Monday, 4 February 2019

The Beach Boys - 20/20 (1969)

The nearest faraway place....


Released February 1969

The late sixties/early seventies were a strange time for The Beach Boys. Brian Wilson's implosion and subsequent declining sales/cultural relevance were taking its toll. As everyone knows, the group was slowly and painfully half splitting up and half staying together in the midst of all sorts of turmoil. Post the Smile sessions, tracks from it were turning up on all the albums from 1967 to 1971, which sort of prevented the offerings from having too much cohesion as "new product". Echoes from the past were always there. This album actually was not an official one. It was a compilation of previously unreleased tracks to meet contractual obligations to Capitol Records. That said, I really like it. Whisper it quietly, I prefer it to the quirky Surf's Up. Actually, maybe not, but it certainly starts well. It struggles to retain the quality throughout though.


1. Do It Again
2. I Can Hear Music
3. Bluebirds Over The Mountain
4. Be With Me
5. All I Want To Do
6. The Nearest Faraway Place
7. Cotton Fields (The Cotton Song)
8. I Went To Sleep
9. Time To Get Alone
10. Never Learn Not To Love
11. Our Prayer
12. Cabinessence                                  

The first two tracks are absolute corkers - the nostalgic, insistent shuffle of Do It Again, and the Spectoresque majesty of I Can Hear Music. The latter is one of my favourite Beach Boys songs. Ronnie Spector does a great live cover of it, incidentally.

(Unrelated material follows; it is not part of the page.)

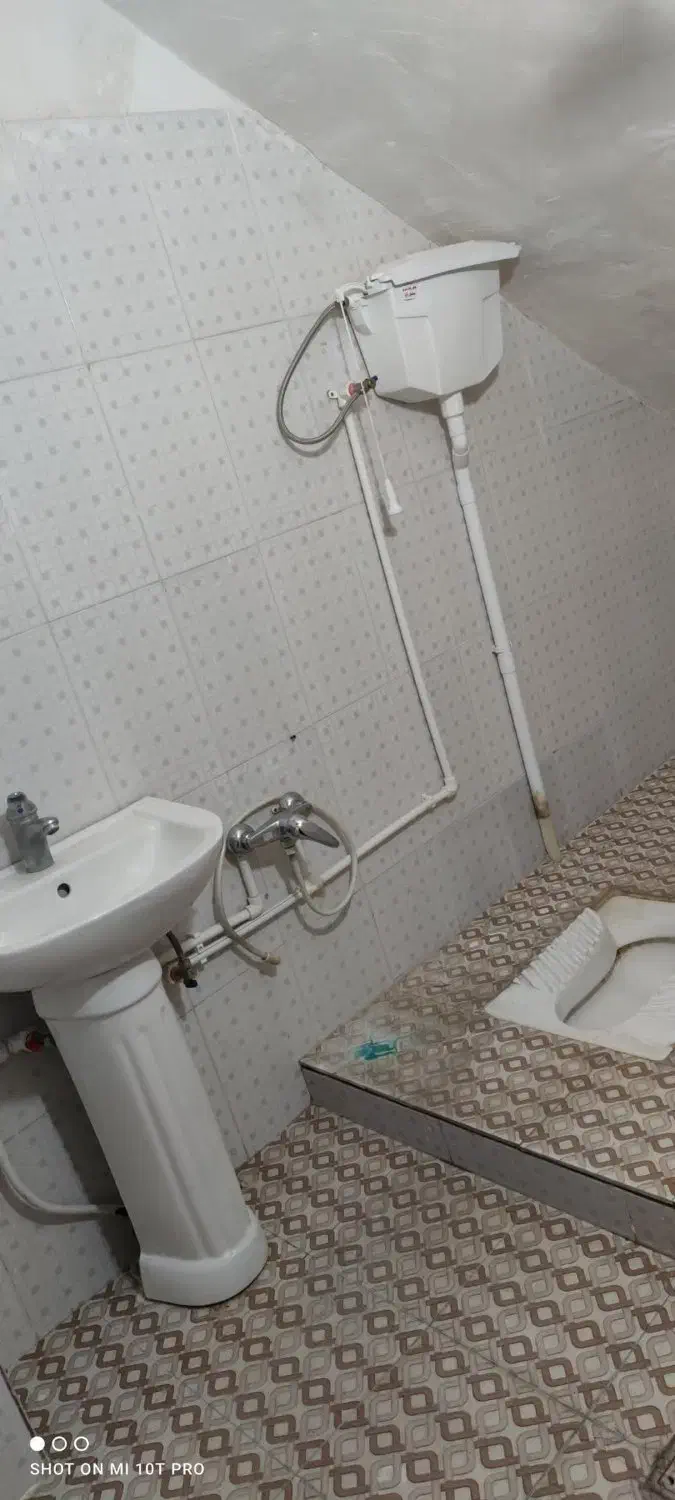 ۷۵ مترمغازه + ۱۵۵ مترزیر زمین فول امکانات خدماتی|فروش مغازه و غرفه|عجب شیر, |دیوار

Bluebirds Over The Mountain is a lively, singalong non-group composition, (written by one Ersel Hickey, a late fifties rockabilly singer). Dennis Wilson’s grandiose, melodic Be With Me is impressive as is his pumping, guitar and drum-driven frenetic rocker All I Want To Do. Both really good cuts. Bruce Johnston’s strings-dominated, peaceful instrumental The Nearest Faraway Place is both atmospheric and pleasant. I have always loved Huddie Leadbetter's Cotton Fields. This is the first version The Beach Boys did, with a Sloop John B. feel to it. It was re-recorded later in 1969. This original has always had a vibrant appeal.

I Went To Sleep is a short, melodious and harmonious number (only a minute and a half in length) as indeed is the beautiful Time To Get Alone. It is a Brian Wilson song written in the "baroque pop" style that he employed a lot around 1967. Dennis Wilson's Never Learn Not To Love was rumoured to have been written by Charles Manson during Dennis's ill-fated liaison with the mass murderer. Dennis supposedly improved considerably on Manson's original song. Let's hope Dennis did just that, because it has an appealing Beatles-esque sound that makes is most likeable. Our Prayer is a pretty pointless short piece of vocal harmony (the album is beginning to fade away a little by now). Cabinessence is the album's final track, dating from the 1966 Smile sessions. It is revered by many fans as some sort of work of genius. Me, I find it a bit of a frustrating mess with periodic invigorating parts that ultimately lead nowhere. Sort of the best bits of Good Vibrations going up a blind alley.

So, what starts as a really good album fizzles out somewhat, but, as a somewhat under-discussed offering it certainly stands up well against the others before and after it from the same turbulent four-five year period.